BEGIN

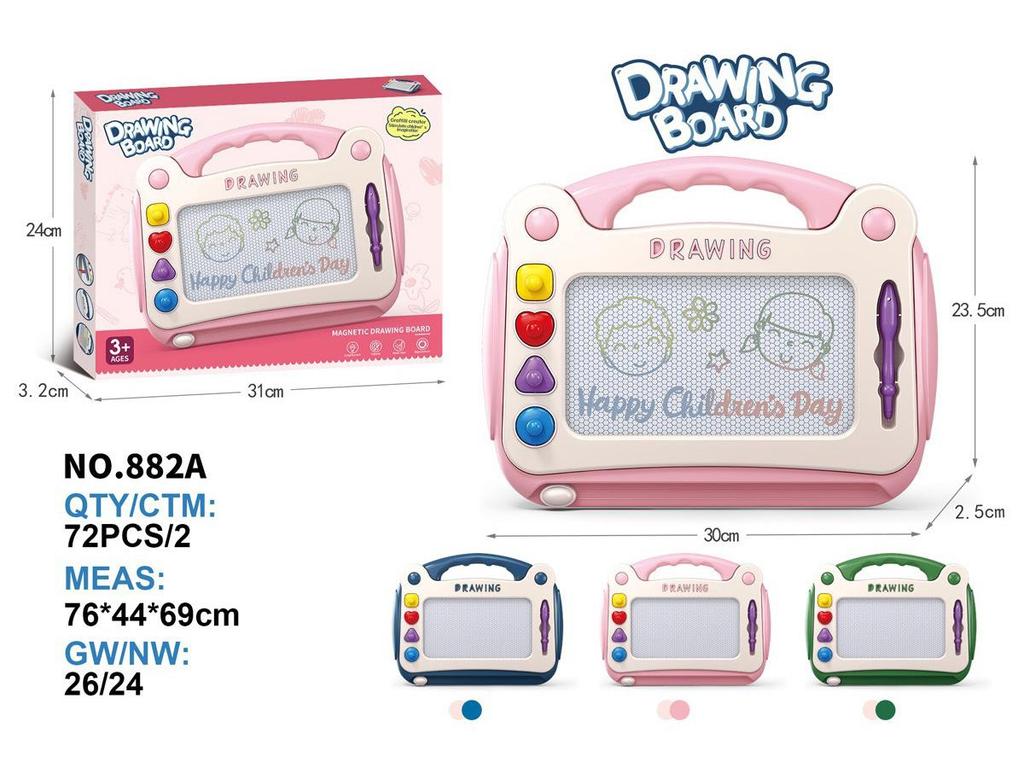 Multicolor Magnetic Drawing Board for Toddlers (Ages 1-3) - Creative Doodle Toy for Boys & Girls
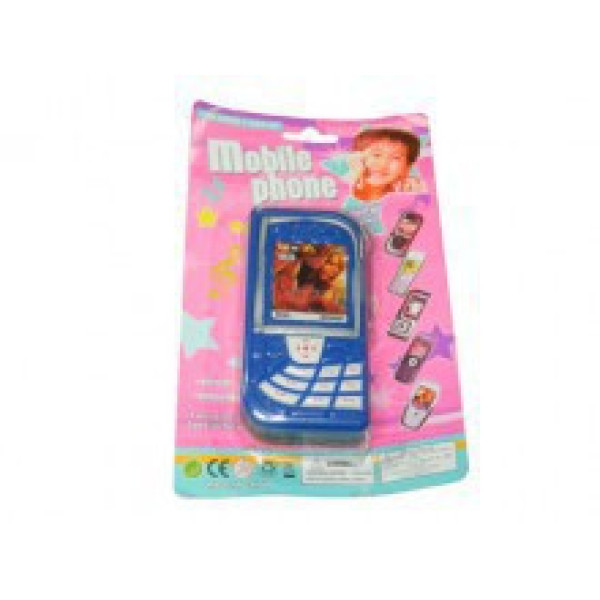 Дитячий мобільний телефон на батарейках 6670 А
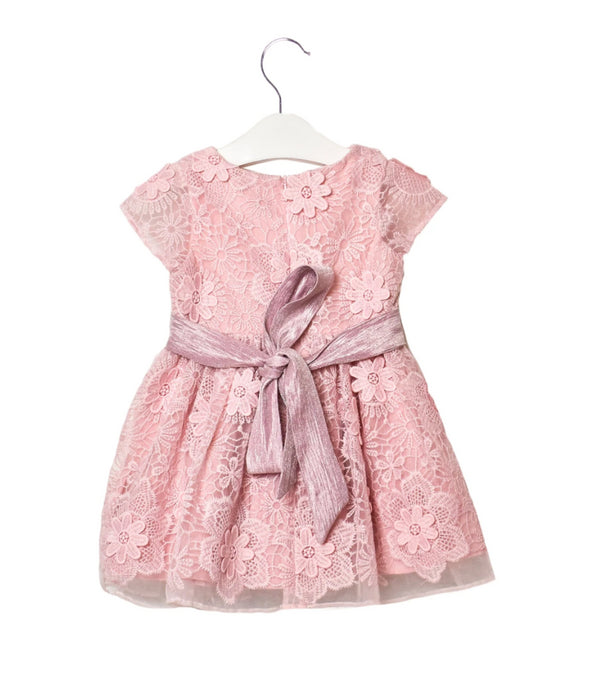 A Pink Short Sleeve Dresses from Harrods in size 6-12M for girl. (Back View)
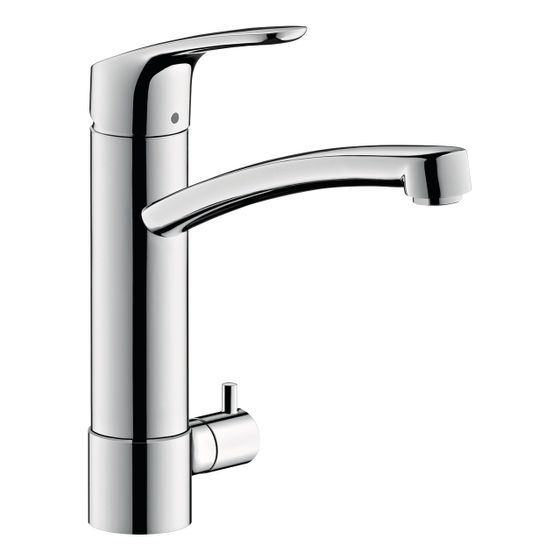 hansgrohe Focus M41 Einhebel-Küchenmischer 200mm 12l/min Geräteabsperrventil, 1jet, Chrom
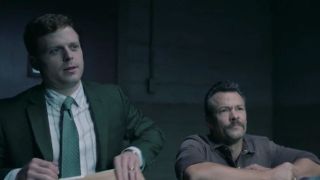 Randy and Franks interrogating a suspect.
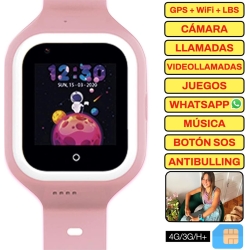 Savefamily Reloj Iconic Plus 4g Rosa - Reloj Con Localizador | 4000300211 | 8425402547182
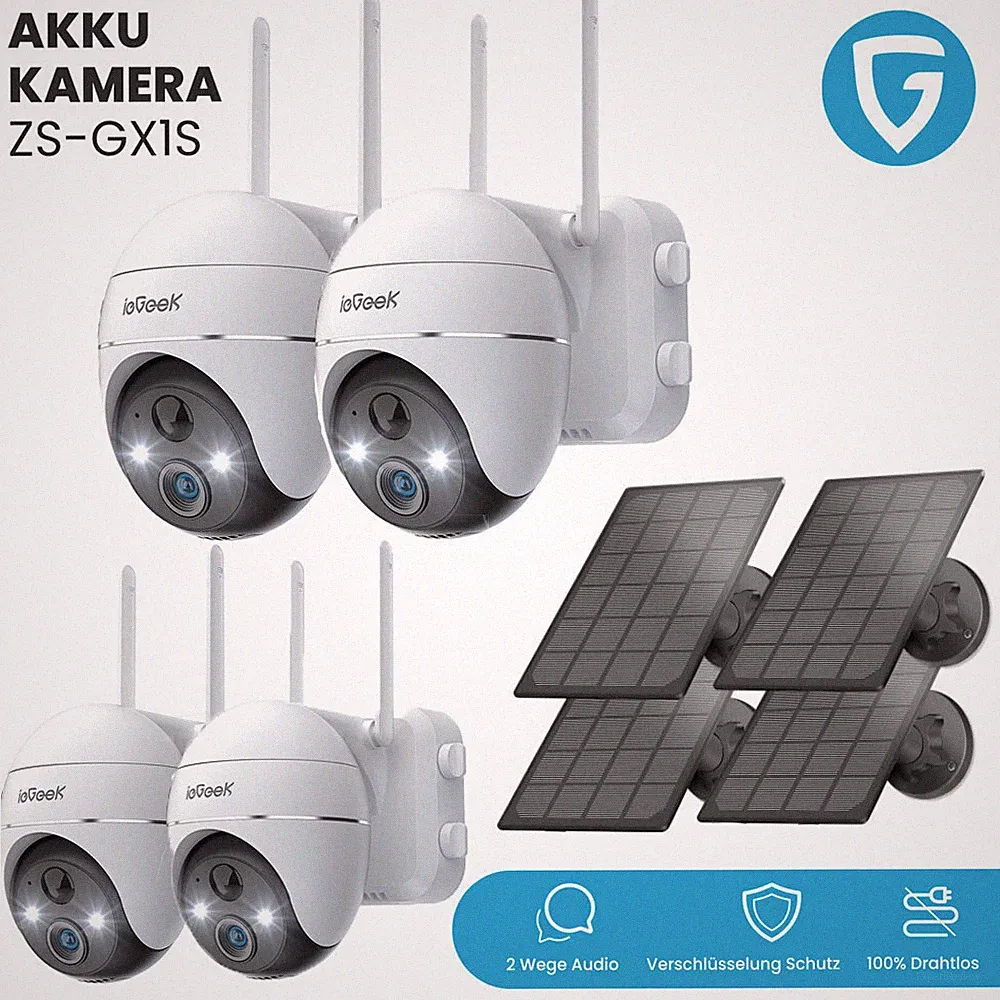ieGeek ZS-GX1S 2K Akku Kamera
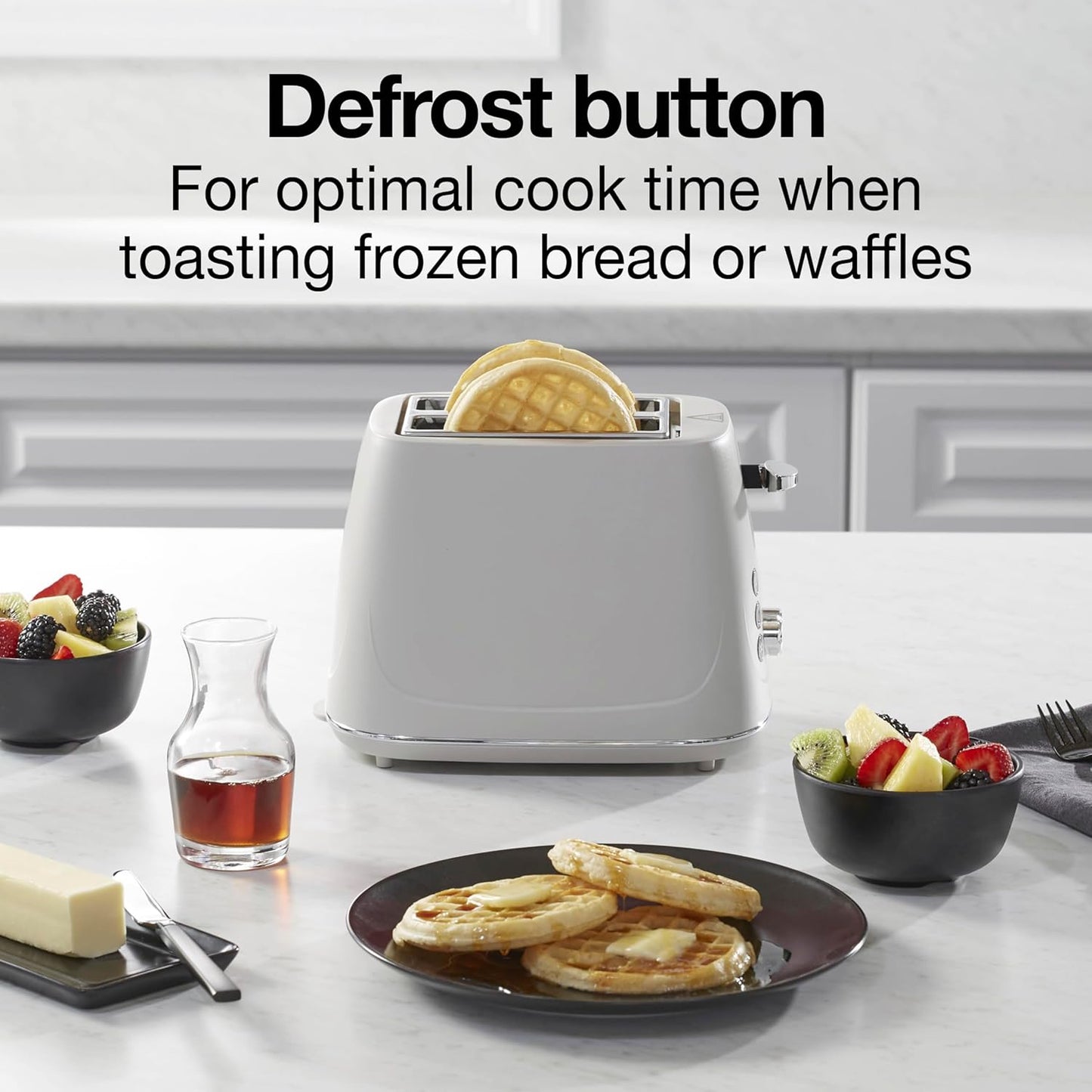 Proctor Silex 2-Slice Toaster - Bagel & Defrost Functions, 7 Browning Levels, Auto Shutoff, Oat White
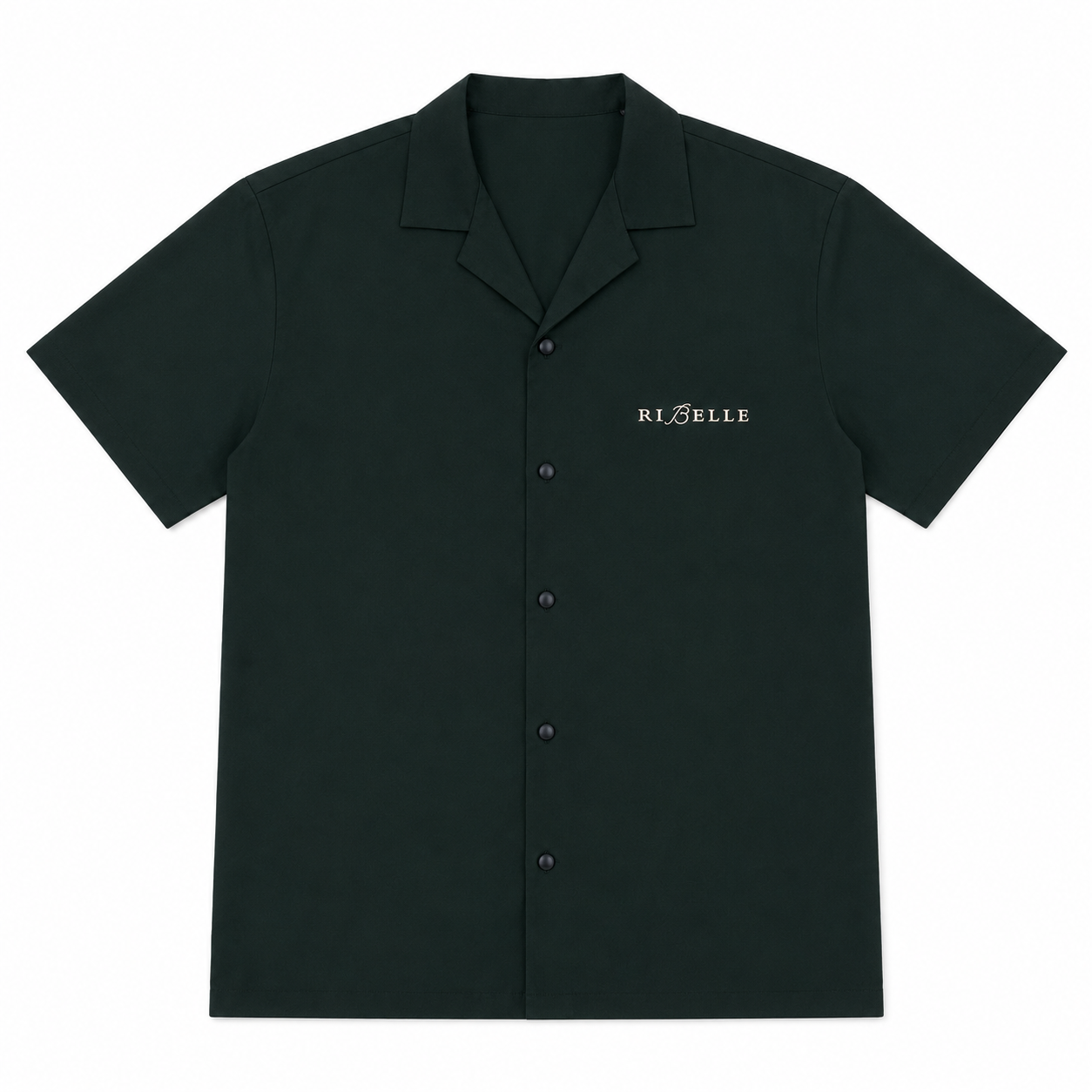 Bottle Green Cuban Drop Shoulder Shirt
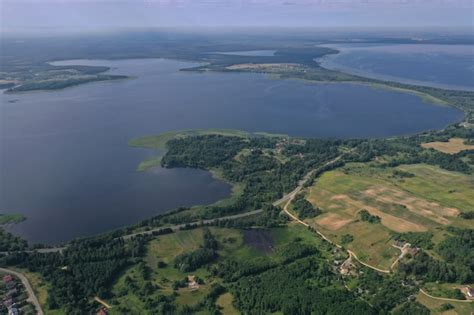 premium photo natural landscape top view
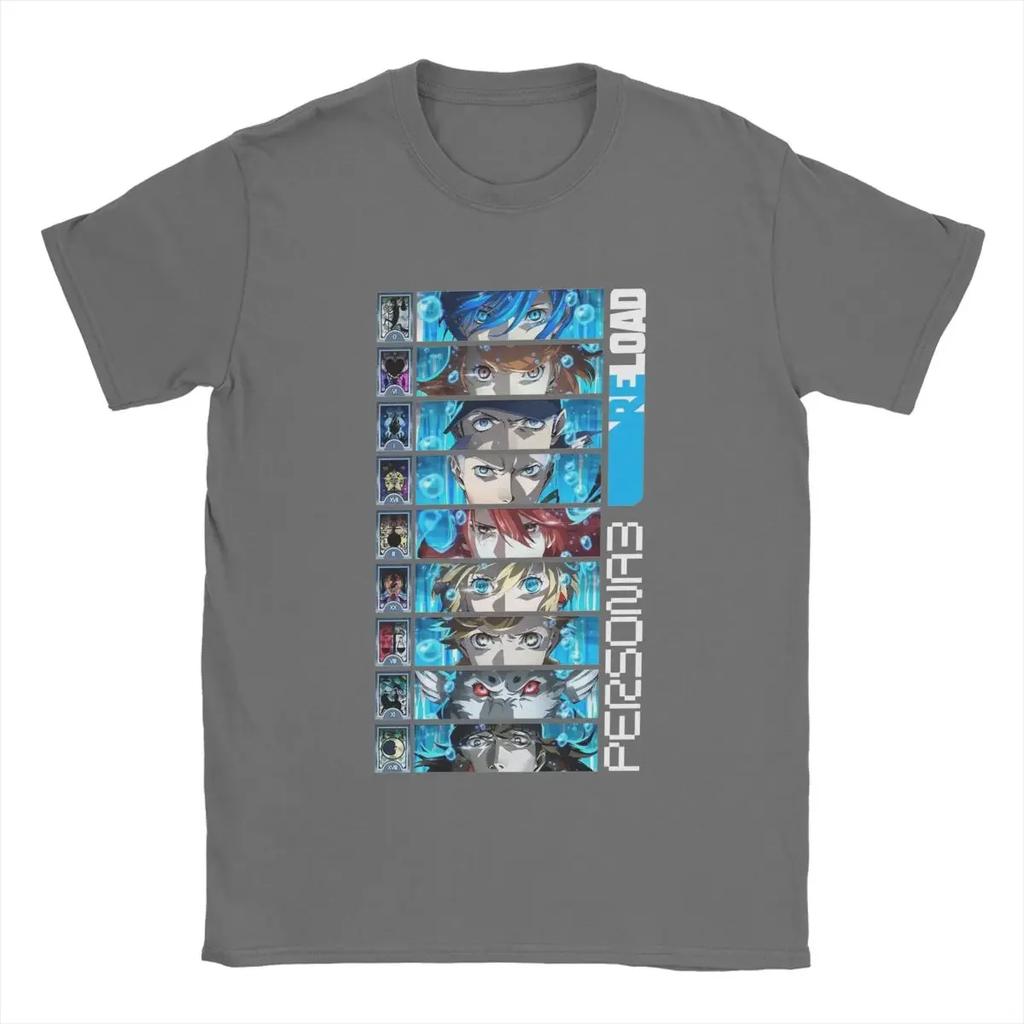 Crew Neck Plus Size Unisexs TShirts Persona 3 Reload Investigation Team 100 Cotton Tees Short Sleeve Anime The Royal P5S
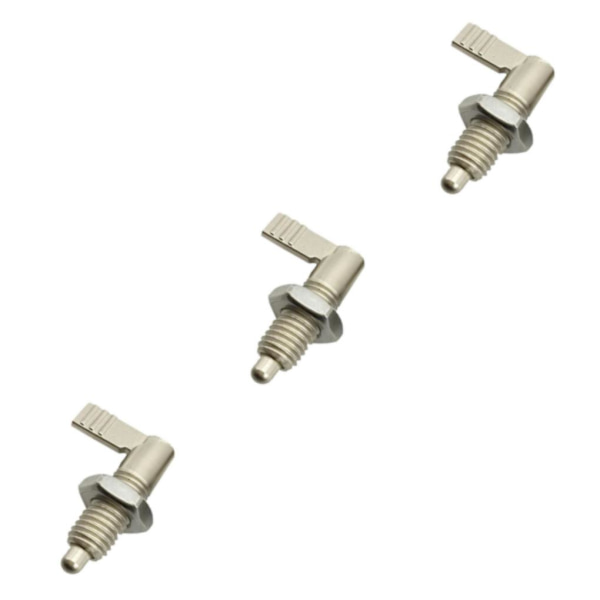 1/2/3/5 1x Indexeringskolvar L Typ Rostfria Låsbultar Fin Silver M10-5 3Set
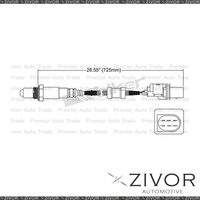 Pre-Cat. Oxygen Sensor For Audi Q7 Diesel 3.0 Turbo BUG 6 Cyl * By ZIVOR *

END

▶ [Assignment]:
Write the lines out again exactly, beginning at the one containing "Дитячий мобільний телефон" and ending with the last line of the entries, but without any pictures.

▶ [Solution to the problem]:
 Дитячий мобільний телефон на батарейках 6670 А
 A Pink Short Sleeve Dresses from Harrods in size 6-12M for girl. (Back View)
 hansgrohe Focus M41 Einhebel-Küchenmischer 200mm 12l/min Geräteabsperrventil, 1jet, Chrom
 Randy and Franks interrogating a suspect.
 Savefamily Reloj Iconic Plus 4g Rosa - Reloj Con Localizador | 4000300211 | 8425402547182
ieGeek ZS-GX1S 2K Akku Kamera
 Proctor Silex 2-Slice Toaster - Bagel & Defrost Functions, 7 Browning Levels, Auto Shutoff, Oat White
 Bottle Green Cuban Drop Shoulder Shirt
 premium photo natural landscape top view
 Crew Neck Plus Size Unisexs TShirts Persona 3 Reload Investigation Team 100 Cotton Tees Short Sleeve Anime The Royal P5S
 1/2/3/5 1x Indexeringskolvar L Typ Rostfria Låsbultar Fin Silver M10-5 3Set
 Pre-Cat. Oxygen Sensor For Audi Q7 Diesel 3.0 Turbo BUG 6 Cyl * By ZIVOR *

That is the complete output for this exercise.